Professor Sunney Xie
Department of Chemistry and Chemical Biology
Harvard University
Cambridge, Massachusetts  

Monday, November 12, 2001
3:00 pm (CT)
3269 Beckman Institute

Abstract

The single molecule approach has changed the way problems are addressed in biophysics. New insights derived from the approach are beginning to emerge. For example, we made real-time observations of enzymatic turnovers of single molecules of cholesterol oxidase, an enzyme that catalyzes the oxidation of cholesterol by oxygen [Lu et al. Science, 282, 1877 (1998)]. Statistical analyses of the data revealed a significant and slow fluctuation in the rate of cholesterol oxidation because of conformational changes.
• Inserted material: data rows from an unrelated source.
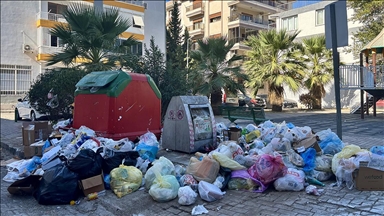 İzmir Karşıyaka'da toplanmayan çöpler tepkiye neden oluyor
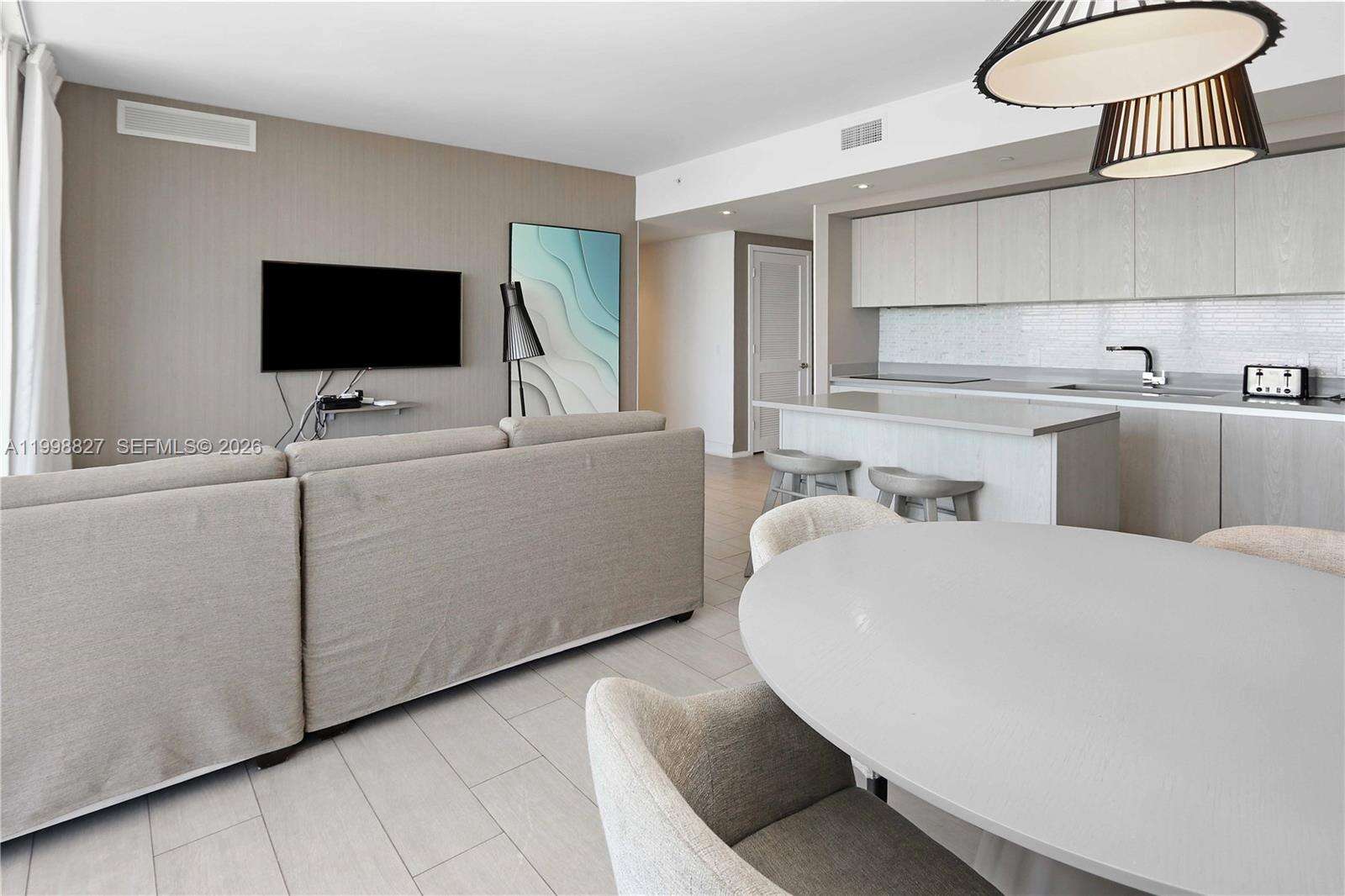Hyde Beach House at 4010 Ocean Dr, Hollywood, FL 33019 - For Sale photo 5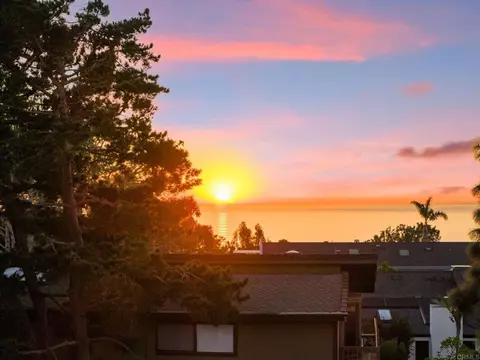View/Area - 13635 Pine Needles Dr, Del Mar, CA 92014 photo 10 of 12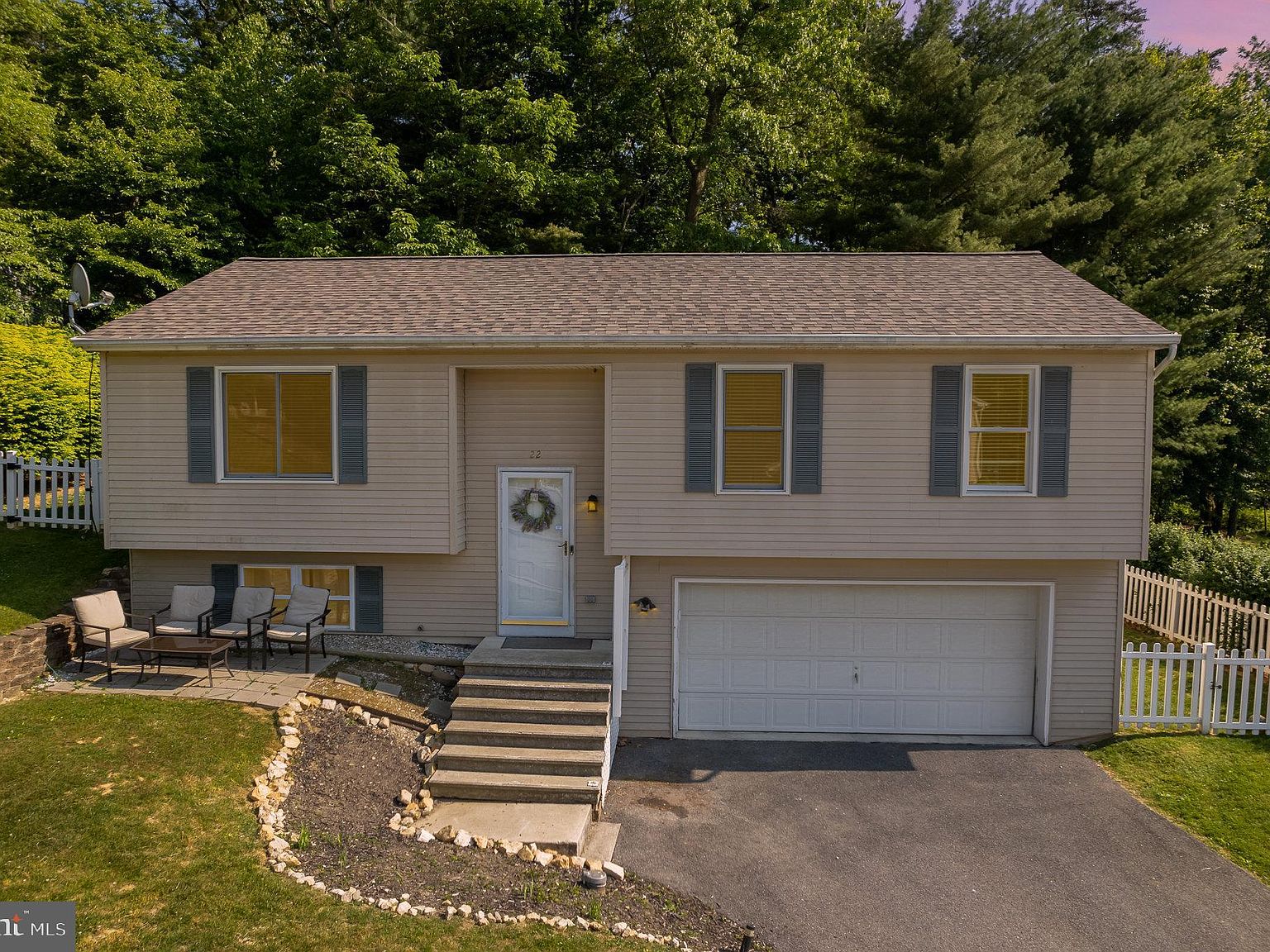 22 Liberty Dr, Mount Holly Springs, PA 17065 Zillow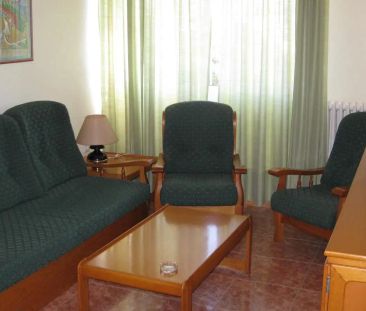 Piso de alquiler en Plaza Plaza España, Casco Antiguo - Photo 2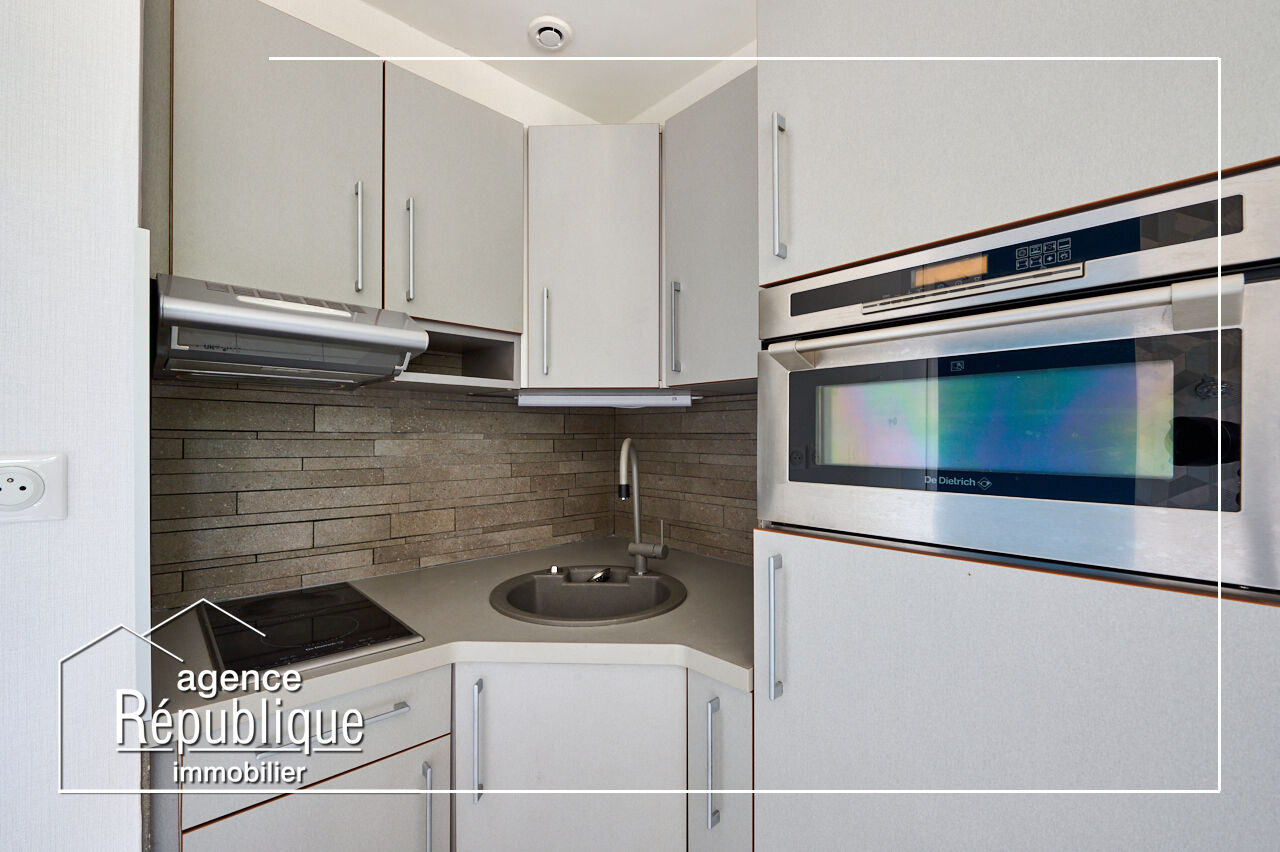 Photo Pour investisseur a vendre T1 place de la republique image 2/4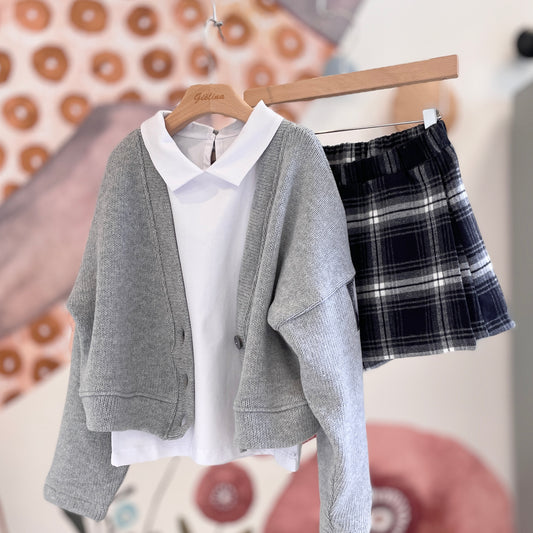 T-shirt con colletto, gonna a pantalone college e cardigan crop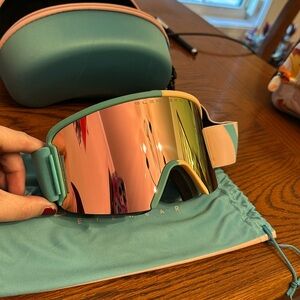 Blenders Ski Goggles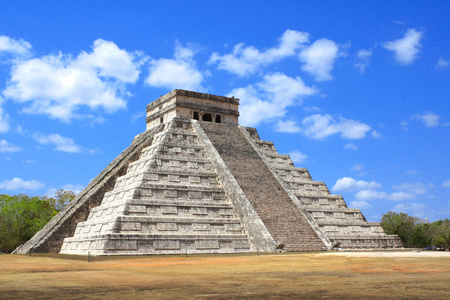 古玛雅金字塔 Kukulcan 寺，奇琴伊察，尤卡坦半岛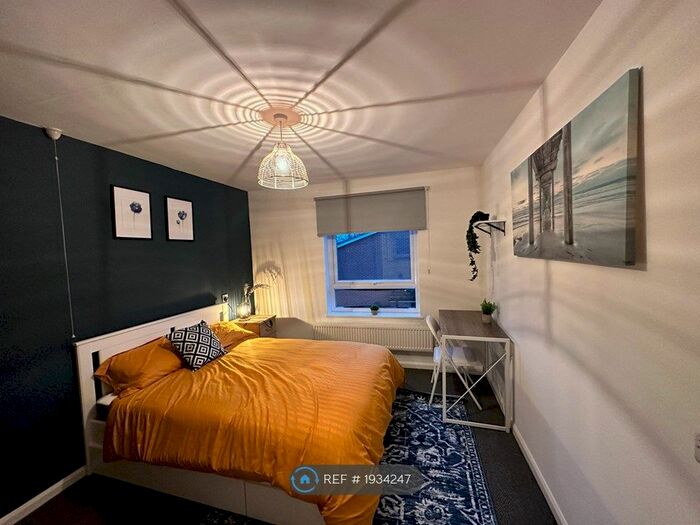 3 Bedroom Flat To Rent In Whitecross Gardens, Derby, DE1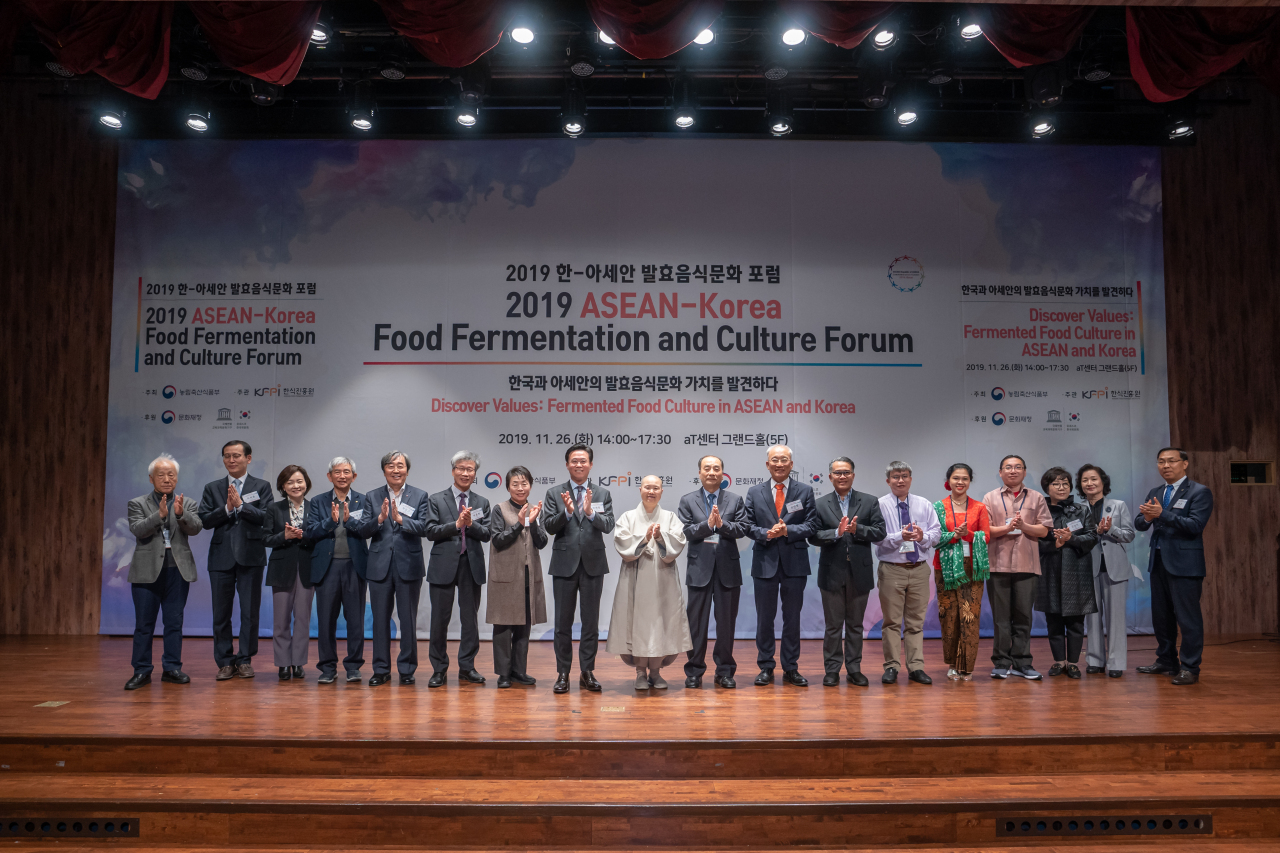 Participants at The ASEAN-Korea Food Fermentation and Culture Forum pose at the aT Center in Seoul on Tuesday (Ministry of Agriculture, Food and Rural Affairs)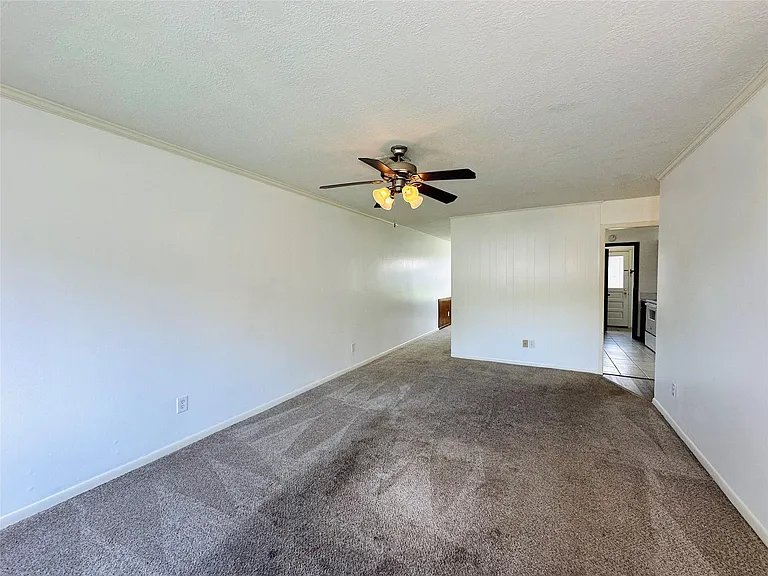 1011 McCall Ave — Photo 2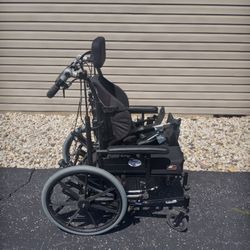 Reclining (tilt-in-Space) Chair!! (Brand New)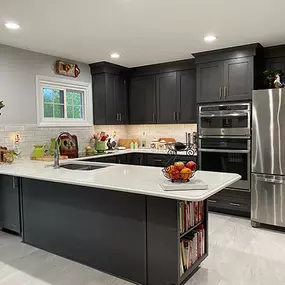 ???? Want cabinets that fit your space and style perfectly? Our custom cabinets are made just for you, giving your kitchen a personal touch. ????️ Ready to start designing? Get in touch today!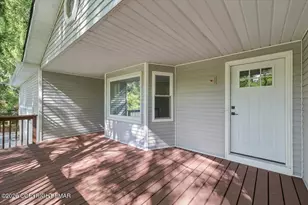 33 Huckleberry Dr, East Stroudsburg, PA 18302 - Photo 6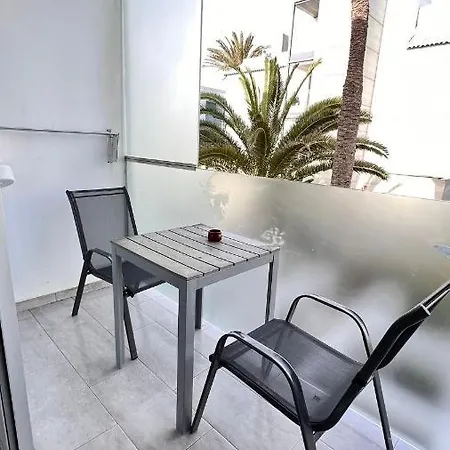 Апартаменты Modern Pool Apartment With Rooftop Terrace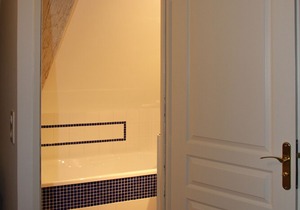 ROOMS, Bordeaux region, wine route, thermal baths, cures.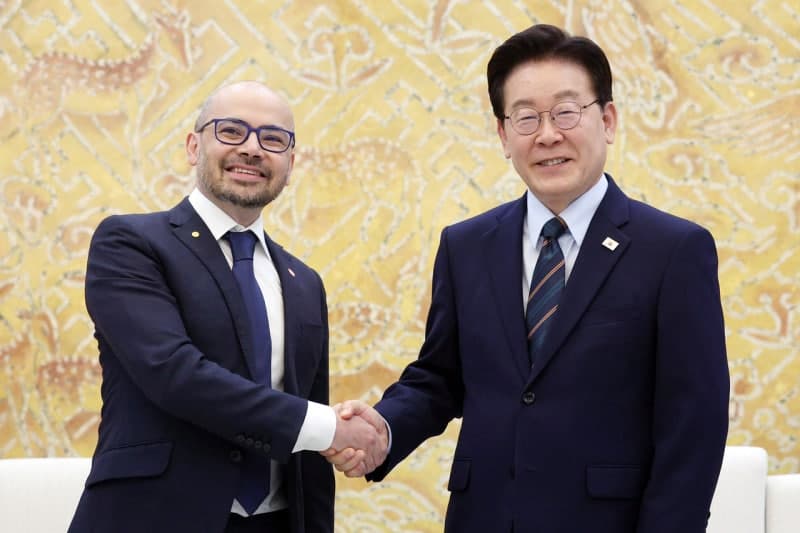 李대통령, '알파고 아버지' 만나 "AI 협력 논의"…구글, 한국에 'AI 캠퍼스' 설립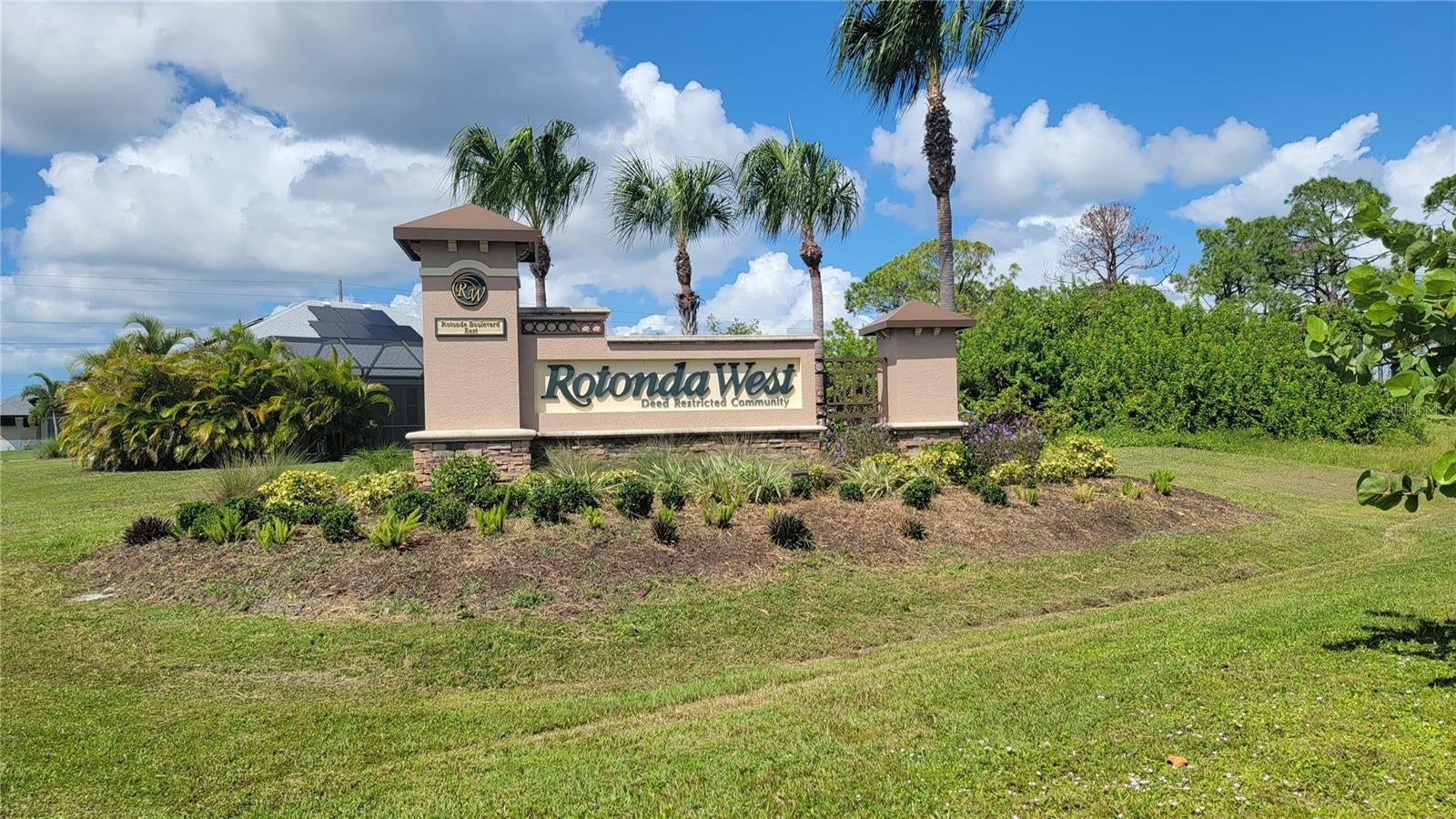 ROTONDA WEST PINE VALLEY - Residential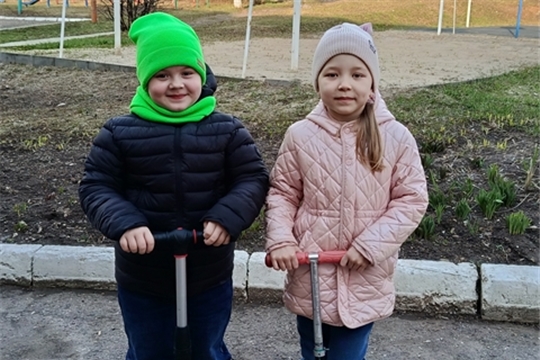 Правила езды на вело́сипеде и самокате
The rate fluctuation is not described by the fundamental Michaelis-Menten mechanism of enzymology, which works well for describing only the averaged behavior of turnover events. Dynamical changes of protein conformations can be either fast or slow, ranging from femtoseconds to seconds. While the fast motions can be probed by ultrafast spectroscopic techniques, the slow fluctuation, often more pertinent to chemical activity, is otherwise hidden in ensemble- averaged measurements. We have developed a new approach to study conformational dynamics on microsecond to second time scales. Measurements on single protein molecules indicate a broad distribution of conformational states and dynamical fluctuations spanning many decades of time scales. An anomalous diffusion model is able to account for the dynamical behavior. This new single-molecule approach allows probing of energy landscapes and their influence on biological functions at an unprecedented level of detail.

Tea and coffee will be served in R3151 Beckman Institute at 2:15pm.